Altro aspetto importante è quello delle preferenze, non presenti nel porcellum e non presenti nell’italicum come approvato dalla Camera. Tale norma era stata dichiarata incostituzionale anche se si apriva uno spiraglio nel caso di liste brevi, le liste ora pare che saranno più corte, con collegi plurinominali. Insomma pochissime persone delle segreterie dei partiti decidono chi in Italia dovrà fare le leggi che interessano tutti i cittadini.
Esistono altri punti importanti e fortemente criticabili impossibili qui da esaminare, vorrei ricordare soltanto che la legge elettorale è decisiva nella vita democratica di una comunità e ne determina il grado di democraticità appunto, di libertà formale e sostanziale e di diritti.
Tralasciando l’intenzione di cambiamenti costituzionali che fanno venire subito alla mente il report della banca statunitense JP Morgan con il suo attacco alle costituzioni europee posteriori alla sconfitta del fascismo, faccio un cenno al Senato che il presidente del Consiglio Renzi ha intenzione di eliminare, o meglio modificare profondamente, in quanto lo ritiene inutile. La proposta ha trovato adesioni soprattutto da parte di chi pensa così di tagliare le spese della politica o di chi pensa che il mondo attuale esiga velocità.
Non credo si debbano tagliare le spese della democrazia e della rappresentatività, eventualmente si possono abbassare le indennità parlamentari, e inoltre sono convinta che gli sprechi, molto più consistenti, si debbano eliminare in altri aspetti della politica, penso anche che, se c’è la volontà politica, con una buona organizzazione del lavoro la maggior parte delle lungaggini verrebbe eliminata.

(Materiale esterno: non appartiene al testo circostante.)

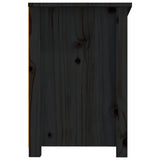 TV Cabinet Black 114x35x52 cm Solid Wood Pine 821506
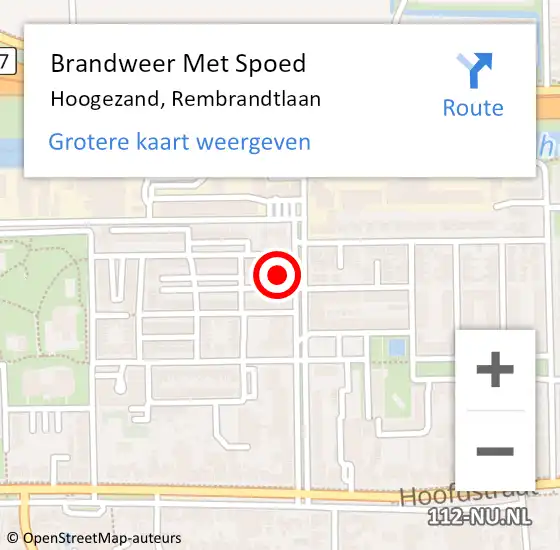 Locatie op kaart van de 112 melding: Brandweer Met Spoed Naar Hoogezand, Rembrandtlaan op 15 april 2022 00:46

Detto ciò, vorrei invitare a rileggere la discussione, pregnante, articolata e profonda che i nostri Costituenti fecero al momento della scelta di un bicameralismo perfetto, convinti che le leggi avessero bisogno di un ulteriore ripensamento prima di essere promulgate. Le vicende di questi giorni a proposito della legge elettorale dimostrano che avevano visto giusto.